Materials and Methods

Metallic Co-coated materials were produced by coating 0.2-mm-thick sheets of the ferritic stainless steel Sanergy HT (chemical composition shown in Table 1) with 200-, 600-, 1000-, and 1500-nm Co. For comparison, the ferritic stainless steel Crofer 22 APU (thickness 0.3 mm), coated with 1500-nm Co, was investigated. The Co-coatings were prepared by Sandvik Materials Technology using a physical vapour deposition (PVD) process. The sample size was 15 × 15 mm2, and prior to exposure, all samples were cleaned in acetone and ethanol using an ultrasonic bath. All samples were exposed in an as-received state, i.e. no further treatments were carried out before exposure. The exposure environment was stagnant laboratory air, and the temperature for all exposures was 650 °C. The 168- and 500-h isothermal exposures were carried out twice to ensure repeatability.
Table 1

Composition of the two studied ferritic stainless steels in wt% as specified by the manufacturers of the batches used

 

Fe

Cr

C

Mn

Si

Al

Mo

Nb

Ti

RE

Sanergy HT (batch 518053)

Bal.

21.2

0.040

0.3

0.12

0.017

0.96

0.71

0.09

Zr

Crofer 22 APU (batch 1732288)

Bal.

22.9

0.004

0.38

0.01

0.01

  

0.06

La

In order to prevent metal–metal contact between the metallic Co-coating and the steel, a few uncoated Sanergy HT samples were oxidized for 3 min at 900 °C (stagnant laboratory air) before the steel was coated with 200- and 1500-nm Co (pre-oxidized material). Based on the extremely small mass gain after the very short pre-oxidation step (~0.006 mg/cm2), the oxide scale, which separates the steel from the Co-coating, is expected to be approximately 40 nm thick.

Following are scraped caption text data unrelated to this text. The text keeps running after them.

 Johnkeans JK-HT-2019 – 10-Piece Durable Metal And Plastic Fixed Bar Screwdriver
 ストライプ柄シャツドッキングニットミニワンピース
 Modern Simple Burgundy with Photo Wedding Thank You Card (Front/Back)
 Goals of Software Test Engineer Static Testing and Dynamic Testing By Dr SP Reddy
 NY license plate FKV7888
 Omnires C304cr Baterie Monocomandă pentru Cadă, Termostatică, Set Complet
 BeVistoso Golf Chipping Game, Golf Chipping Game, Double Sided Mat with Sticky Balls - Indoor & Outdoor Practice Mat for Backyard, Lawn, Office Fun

For area-specific resistance (ASR) measurements, platinum (Pt) was used as the electrode material. In order to minimize the effect of Pt on the oxide scale [35], ASR measurements were carried out ex situ on the samples isothermally exposed for 168 and 500 h at 650 °C. A sputter mask of 10 × 10 mm2 was placed on the samples exposed for 168 and 500 h, and a very thin layer of Pt was sputtered on top of the oxide scale of the sample. After the sputtering step, the sputtered area was painted with a Pt paste (Metalor 6926). These samples were then dried for 10 min at 150 °C followed by a Pt sintering step for 1 h at 650 °C. A Probostat (NorECs, Norway) test cell, placed in a tubular furnace, was used to measure the ASR. DC resistance was measured using a Keithley 2400 source meter in four-point mode, and the applied current during each measurement was set to 100 mA/cm2. To check for semiconductive behaviour, the ASR was monitored as the samples cooled down. All ASR measurements were conducted in stagnant laboratory air.

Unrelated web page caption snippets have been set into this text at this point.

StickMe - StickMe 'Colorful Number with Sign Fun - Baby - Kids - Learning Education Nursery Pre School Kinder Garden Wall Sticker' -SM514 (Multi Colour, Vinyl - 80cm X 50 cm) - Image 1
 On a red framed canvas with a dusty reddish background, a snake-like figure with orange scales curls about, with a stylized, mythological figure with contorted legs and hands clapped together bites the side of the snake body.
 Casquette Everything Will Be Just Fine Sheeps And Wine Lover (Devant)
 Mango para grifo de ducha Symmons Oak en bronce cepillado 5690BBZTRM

The microstructure and chemical composition of the oxide scales were analysed in an FEI Quanta 200 FEG environmental scanning electron microscope (ESEM) equipped with an Oxford Instruments X-MaxN energy-dispersive X-ray spectroscopy (EDX) detector and INCAEnergy software. Cross sections were prepared by using a Leica TIC3X broad ion beam (BIB). A low-speed saw with a diamond blade was used to cut the sample in half to enable BIB-milled cross sections from the centre of the sample and not from the edges. For phase identification, X-ray diffraction (XRD) measurements were carried out using a Siemens D5000 diffractometer (Cu-Kα radiation).

Results

The Effect of Co-Coating Thickness

Figure 1 shows the mass gain after 0.1, 1, 4, 168, and 500 h of isothermal exposure in air at 650 °C for Sanergy HT uncoated and coated with 200-, 600-, 1000-, and 1500-nm metallic Co. For all coated materials, a rapid increase in mass was observed during the first 4 h of exposure. During this initial oxidation phase, the metallic Co-coating oxidized into Co spinel (the spinel phase was confirmed with XRD; see Figs. 4 and 6 for the 1500-nm Co-coated material). The conversion of 200-, 600-, 1000-, and 1500-nm-thick Co-coatings into Co3O4 would correspond to a mass gain of 0.06, 0.19, 0.32, and 0.48 mg/cm2, respectively. The initial mass gains observed for the 200- and 600-nm Co-coated materials (0.07 and 0.19 mg/cm2, respectively) correspond well to the mass gains expected for the oxidation of these Co-coatings. For the 1000-nm Co-coated material, the mass gain was clearly higher (0.40 mg/cm2 which is 0.08 mg/cm2 higher than the expected value for oxidation of 1000-nm Co), and for the 1500-nm Co-coated material, the mass gain after 4 h was significantly higher than expected (0.74 mg/cm2 which is 0.26 mg/cm2 higher than the expected value for oxidation of 1500-nm Co).
Fig. 1

Mass gain values for uncoated (black circles), 200 (grey circles)-, 600 (black squares)-, 1000 (grey squares)-, and 1500-nm (black triangles) Co-coated Sanergy HT samples isothermally exposed for 0.1, 1, 4, 168, and 500 h in air at 650 °C. The error bars represent the maximum and minimum mass gain

After this initial oxidation phase, no substantial increase in mass was observed for the materials that had a coating thickness up to 1 µm. The 1500-nm Co-coated material, in contrast, showed a significant increase in mass between 168 and 500 h (0.65 mg/cm2). It should be pointed out that both the 168- and the 500-h exposures were repeated twice, and the error bars represent the maximum and minimum values from these two separate isothermal exposures (in total, five samples per exposure time).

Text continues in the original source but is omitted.